WE'RE IN A NEW SOLAR CYCLE
By Meteorologist Randy Mann
Article published on February 2, 2021
A new solar cycle, Solar Cycle 25, began in December of 2019 and the Sun may be coming out of its slumber over the next several years. Many scientists who study the Sun are wondering what this new cycle will be like in terms of sunspot activity.
Sunspots are storms on the Sun. Approximately every 11 years, during the height of a cycle, the Sun’s magnetic poles will flip as the North Pole becomes the South Pole and vice-versa. In the 2010s, the Sun was in a “solar minima,” a period of few sunspots. In fact, the last solar cycle, which was number 24, began in late 2008 and ended late last year. During that time, there were 914 days without a single sunspot on the Sun. Since 1855, the cycle with the most days without sunspots occurred in the early 1900s was Solar Cycle 14 with 1007 days.
According to NASA, Solar Cycle 24, the one we just completed, was very weak as the peak during the height of the cycle was only 114 sunspots. The average is about 179 sunspots during each cycle when the Sun is in its “maxima” phase. NASA projects that the Sun will peak with 115 sunspots in July 2025.
However, according to an article on sciencedaily.com, the National Center of Atmospheric Research is predicting that Solar Cycle 25, the one the Sun just began, will peak with a number between approximately 210 to 260 sunspots. This would be an extremely active cycle if this prediction is accurate. One of the most active cycles was Solar Cycle 19, which began in the spring of 1954. In March of 1958, the Sun peaked with 285 sunspots in one day. The average was 129 sunspots each day during this cycle that ended in late 1964. Most recently, the Sun’s cycles in the mid-1970s through the 1990s were fairly active before sunspot activity dropped significantly in the late 2000s.
During periods of high solar activity, the Sun will often emit more energy consisting of solar flares. The Earth’s magnetic field protects us from the harmful radiation the Sun emits.

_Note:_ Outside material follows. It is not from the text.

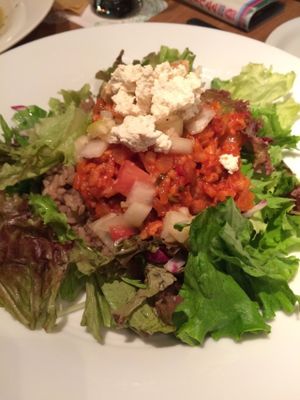 Salad at Ko-So Cafe in Tokyo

Most solar flares are harmless and will put on a light show when they come into contact with our magnetic field called the “Aurora Borealis” or “The Northern Lights.” These clouds of electrons, ions and atoms are thrusted into space and can reach the Earth in about 8 minutes as they often travel at the speed of light.
However, a major burst of particles from the Sun’s surface, known as a coronal mass ejection, can take up to 3 to 4 days to arrive at Earth. These massive ejections are rare, but can cause extensive damage to electronic systems, including satellites if they directly hit the Earth. For example, there was one that literally shut down the Hydro-Quebec Power Plant in Canada on March 13, 1989. The solar storm was so intense that the Northern Lights could be seen as far south as Florida and Cuba. Some people thought that a nuclear strike was in progress.
The most spectacular super solar flare was witnessed by England’s foremost solar astronomer, Richard Carrington, on September 1-2, 1859. He first noticed a huge group of sunspots on September 1 and then described “two patches of intensely bright and white light erupting from the sunspots” before they disappeared. On that September night, tremendous auroras of red, green and purple erupted across the Earth. The auroras were so brilliant that one could read a newspaper at night and could be seen as far south as Cuba and Hawaii.
The auroras were so bright that their glow awoke gold miners in the Rocky Mountains. Telegraph systems all over North American and Europe stopped working and some generated sparks and fires.
Many scientists say that if that type of event were to happen today, it would wreak havoc with the world’s high-tech infrastructure, which includes satellites, cell phones and other sensitive equipment. Damage estimates from this type of event today would likely be in the trillions of dollars and take years to recover.
According to Geophysical Research Letters published in January of 2020, new research showed that “severe space super-storms,” emitted from the Sun like the one in 1989, “occurred 42 years out of the last 150 years.” Great super-storms, close to the one in 1859, “occurred in 6 years out of 150.” A Carrington-type event, the biggest in recorded history, is expected to occur once in 150 years. These major events from the Sun often miss our planet, but there was a huge solar storm in July 2012 that narrowly missed Earth.